Price Matching Impact
From the earnings transcript, Sharom McCollam noted that "the Domestic gross profit rate was 23.4% versus 25.3% last year, a decline of 190 basis points. This decline was primarily driven by a greater investment and price competitiveness including higher promotional activity in mobile and computing, higher inventory shrinkage and increased product warranty-related costs."
Effectively, being price competitive with their price match program is having the expected detrimental impact on margins. But how is it impacting sales growth?
Domestic same store sales were -1.1% but that was largely a function of Super Bowl sales shifting into 4Q2013 results. Excluding the calendar impact, domestic same store sales were flat, a significant improvement to the 3.7% decline seen in 1Q2013 results.
That's acceptable largely given that other consumer electronics retailers such as hhgregg (NYSE:HGG) and RadioShack (NYSE:RSH) had posted even worse comp sales metrics. So along with 4Q2013 results, the bleeding in BBY comp sales appears to have stopped.

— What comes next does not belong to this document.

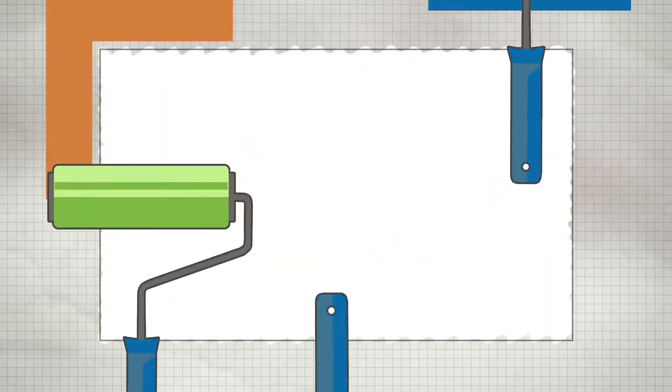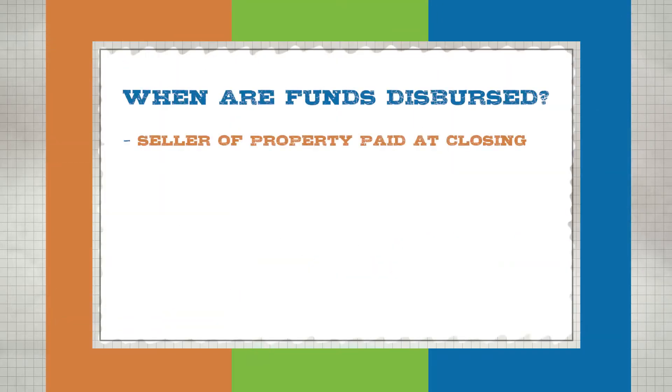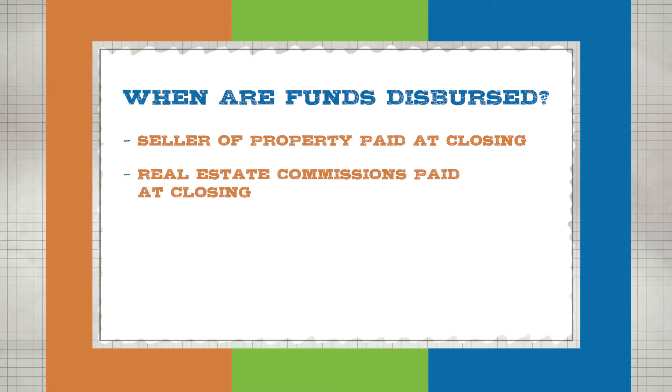On an FHA 203K, or any renovation loan for that matter, the seller of the property is going to receive their proceeds at the closing. These programs are fully funded and fully dispersed at closing to the seller for what they are supposed to be paid off on. Your real estate agents are going to get paid for their real estate commission based upon the sales price at the time of closing. It's a fully dispersed loan.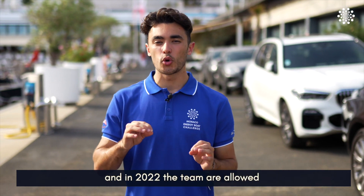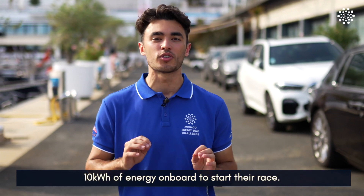Each year the rules are updated, and in 2022 the teams are allowed to start with 10 kilowatt hours of energy on board to start the race.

But the recent flat comp is not that exciting. However, what is exciting is the performance of Best Buy's number one Renew Blue priority, on-line sales.
During the quarter, on-line sales were up 16%, well above last year's pace of a 10% gain. A 60% increase in the growth rate year-over-year is much more impressive. Is Best Buy's price matching initiative having the sought after benefit of increasing its on-line market share?
Given the limited amount of time that has transpired since BBY had implemented the program (4Q holiday season and two-thirds through 1Q), it may be too ambitious to identify a trend. However, examining the growth rates of Amazon's (NASDAQ:AMZN) quarterly North American electronics sales may provide some insight on whether Best Buy's price matching program is in fact having the desired effect.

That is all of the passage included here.